When we first got connected with the Vineyard back in 1997, although I'd been pastoring for about a decade, it felt like I was learning about the Kingdom of God for the first time. It was without question life changing.

by bob

Oct 16, 2013

Covenant-and-KingdomBack in 1997 when we first got connected with the Vineyard, it felt like I was learning about the Kingdom of God for the first time. It was, without question life-changing.

I had a similar experience earlier this month. As I mentioned last week, I’ve joined a coaching huddle with 3dm (fun fact, of the 8 of us in the huddle, 5 have a Vineyard connection).

As preparation for the huddle, we’ve all read 2 books. First, Building a Discipling Culture and then Covenant and Kingdom, both by Mike Breen.

In reading Covenant and Kingdom, what Breen taught about the Kingdom of God lined up with what we’d learned in the Vineyard. It was well written and did a great job explaining how to read the bible through the lens of the kingdom.

However, it was while reading about covenant that the ‘penny dropped for me.

While I’ve read about and taught on covenant before, I think for me, as well as for a lot of us, there is that part of us that hears the word covenant, and immediately thinks of it as a tool one person uses to control another.

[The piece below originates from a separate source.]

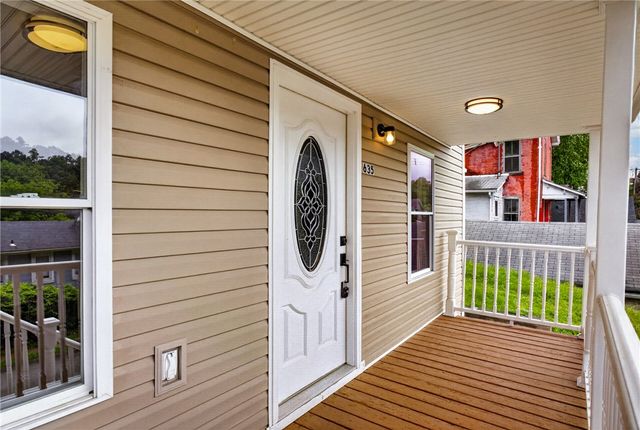 635 Valley St, Oakmont, PA 15139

Even though there is often a ‘greater’ and ‘lesser’ person who would enter into a covenant relationship, one of the key benefits was that whatever one party had at their disposal was now available to the covenant partner. [for example, if you have a small army, and a larger army shows up at your city gate, having a covenant partner who is greater than you, but also has a greater army would be a good thing.]

So what does covenant mean for us?

In Breen’s book he describes the 3 essential elements of covenant this way:

“First, the Fatherhood of God. He is our Creator, and we live our lives under his loving and generous gaze. Second, identity. This flows from our relationship with God. Our identity and therefore our sense of security and confidence come from outside ourselves as God tells us that we are his children.

Third, obedience. Although this sounds rather heavy, we will discover that obedience is simply acting in a way that is consistent with our identity.”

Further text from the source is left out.